Une assemblée générale décide de distribuer d'importants dividendes, puis, plusieurs mois après, on démontre que la convocation n'a pas respecté les règles et la décision est annulée. Si la rétroactivité obligeait les bénéficiaires à restituer immédiatement ces sommes et mettait la société en cessation de paiement, le juge peut décider de différer l'obligation de restitution (ou d'en fixer l'application progressive) afin d'éviter une conséquence catastrophique pour l'entreprise, ses salariés et ses créanciers.
- Principe : la nullité produit en principe des effets rétroactifs (effet 'ex tunc').
- Exception : si la rétroactivité entraînerait des effets manifestement excessifs pour l'intérêt social, ces effets peuvent être différés.
- Objectif : protéger la continuité de l'entreprise, les salariés et les créanciers face à des conséquences disproportionnées.
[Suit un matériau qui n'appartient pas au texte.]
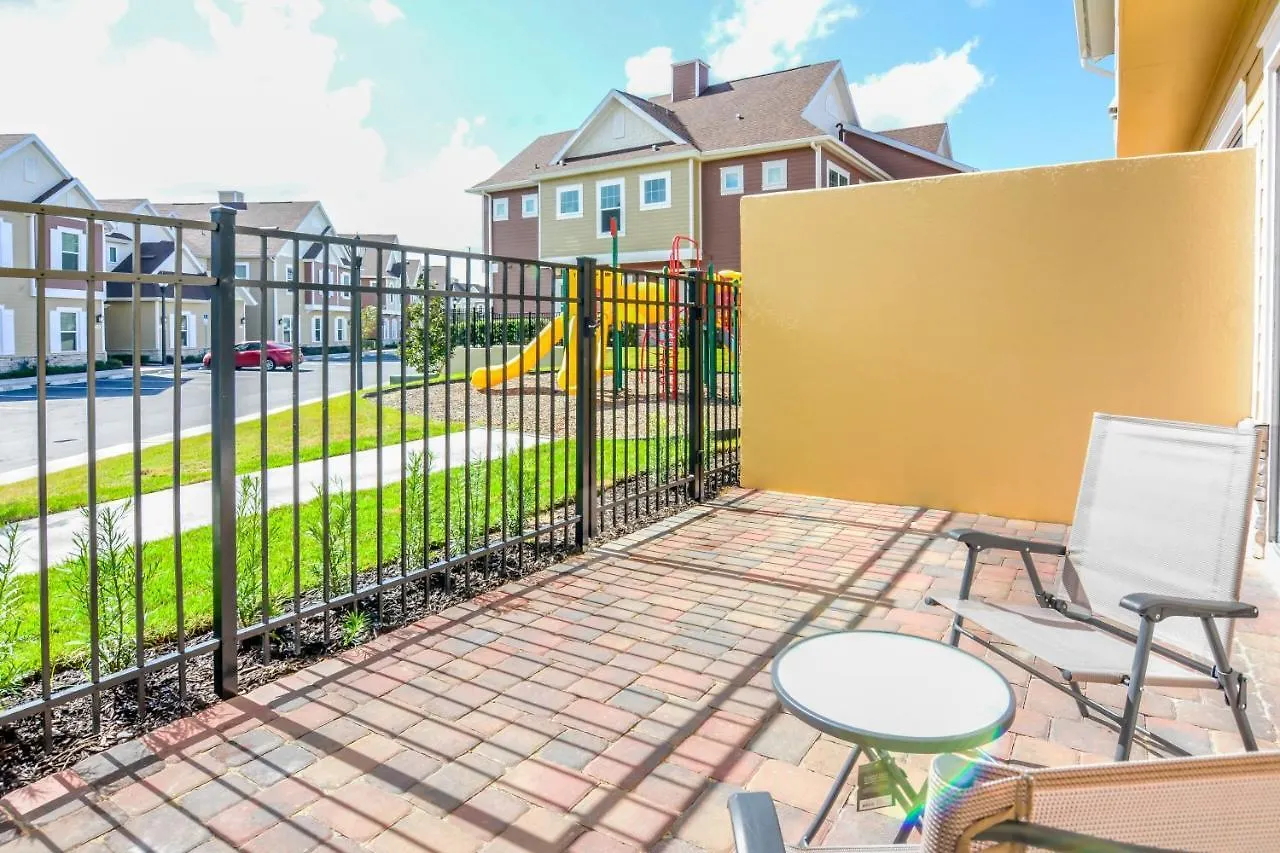 Dream Townhome With Balcony Summerville Su7576 Casa de Férias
- Décision du juge : c'est généralement le juge qui apprécie le caractère manifestement excessif et fixe, le cas échéant, le délai ou les conditions du report.
- Mesures possibles : report total ou partiel des effets, fixation d'une date ultérieure, imposition de garanties ou conditions pour limiter les risques.
- Ne supprime pas la nullité : la décision reste nulle, mais son application rétroactive peut être modulée dans le temps pour préserver l'intérêt social.